Task brief> Retype exactly the span of lines below from the one with "在线广告公司全面预算管理系统" through the one with "anaconda sub incontro spaventoso". Do not include pictures.

Available data>
▽

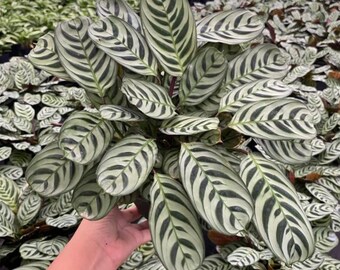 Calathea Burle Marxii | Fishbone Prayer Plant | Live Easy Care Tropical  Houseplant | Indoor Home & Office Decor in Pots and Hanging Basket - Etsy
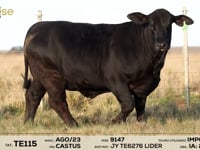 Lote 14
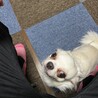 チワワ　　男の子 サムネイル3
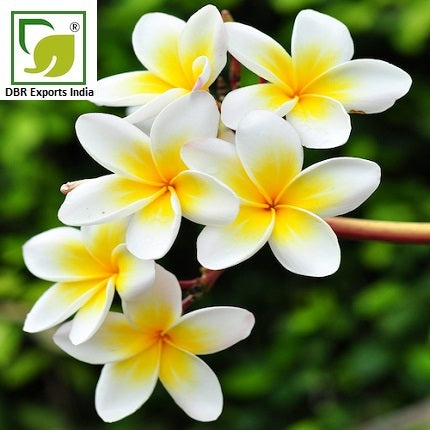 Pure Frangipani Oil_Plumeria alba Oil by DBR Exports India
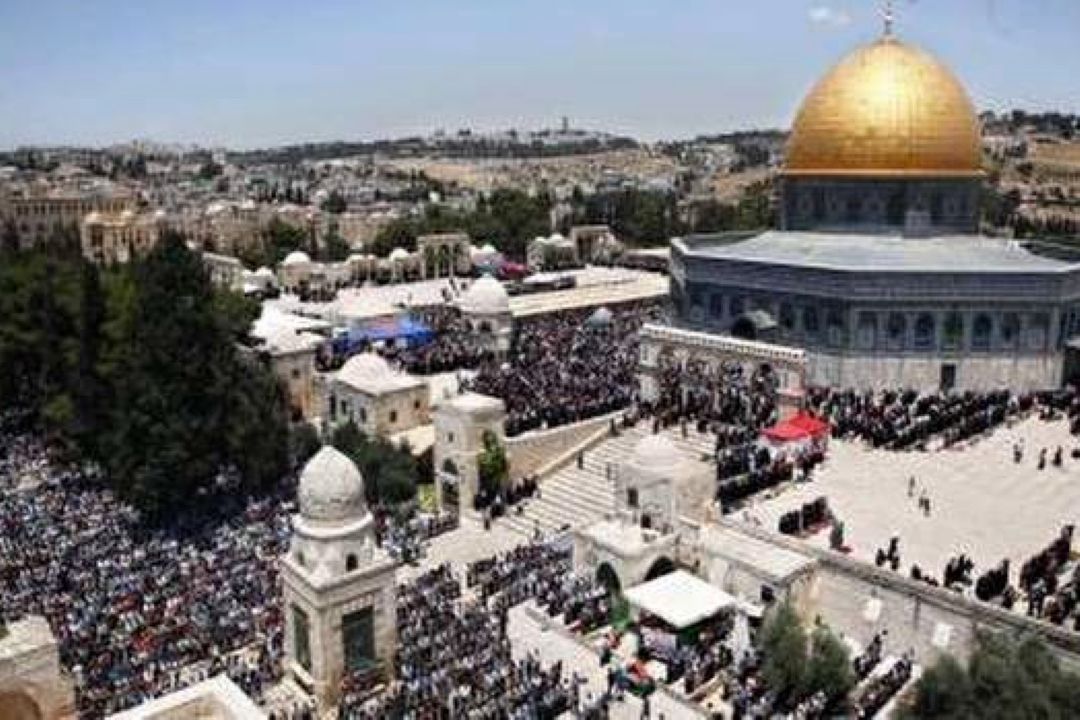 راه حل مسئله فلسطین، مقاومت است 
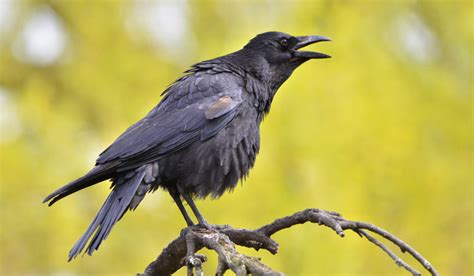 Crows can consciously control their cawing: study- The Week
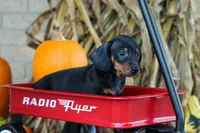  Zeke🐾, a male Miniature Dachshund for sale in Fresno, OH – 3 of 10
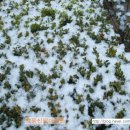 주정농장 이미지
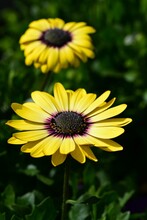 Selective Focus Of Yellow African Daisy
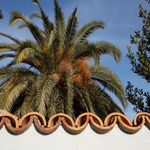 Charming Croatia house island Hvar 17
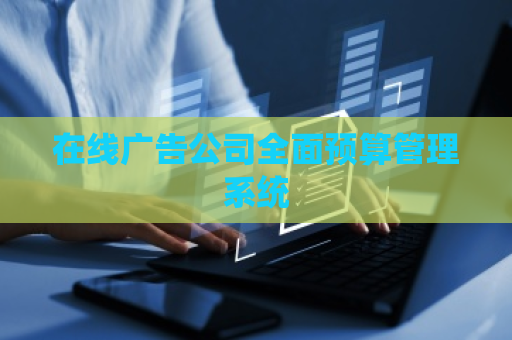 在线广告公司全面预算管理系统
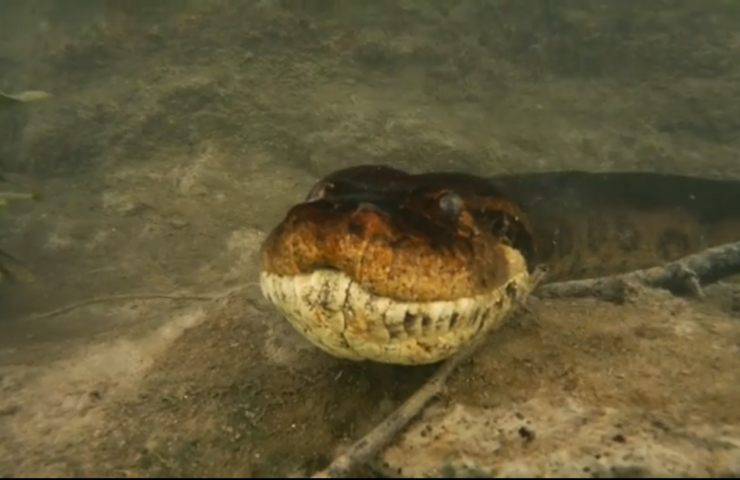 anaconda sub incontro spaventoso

△
▽

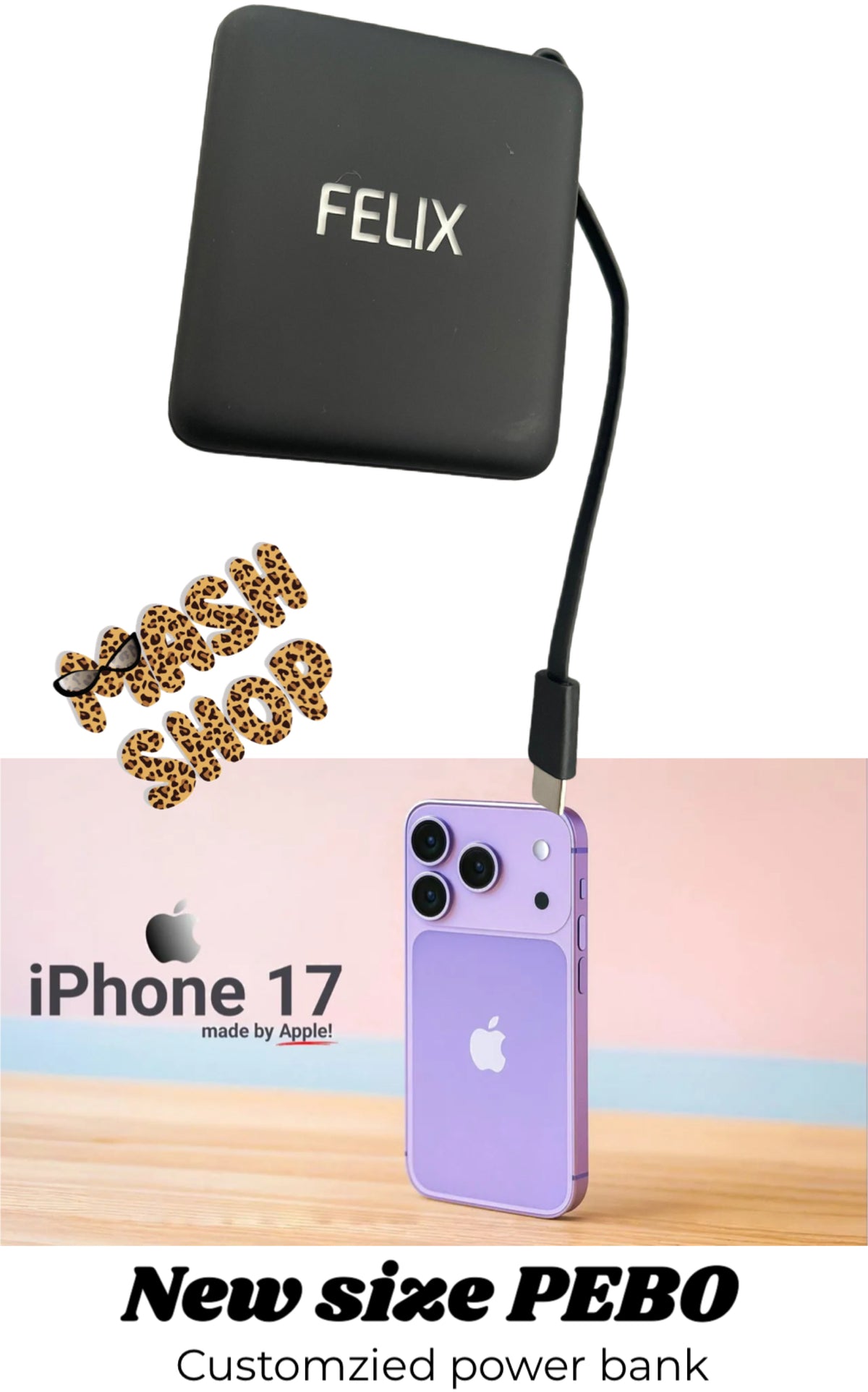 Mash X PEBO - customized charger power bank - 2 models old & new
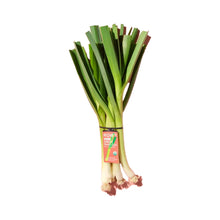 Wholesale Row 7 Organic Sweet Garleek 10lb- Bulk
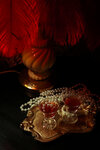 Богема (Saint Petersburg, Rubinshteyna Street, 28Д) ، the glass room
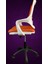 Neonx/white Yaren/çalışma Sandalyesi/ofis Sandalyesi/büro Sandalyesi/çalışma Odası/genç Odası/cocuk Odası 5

△

Response>
 在线广告公司全面预算管理系统
 anaconda sub incontro spaventoso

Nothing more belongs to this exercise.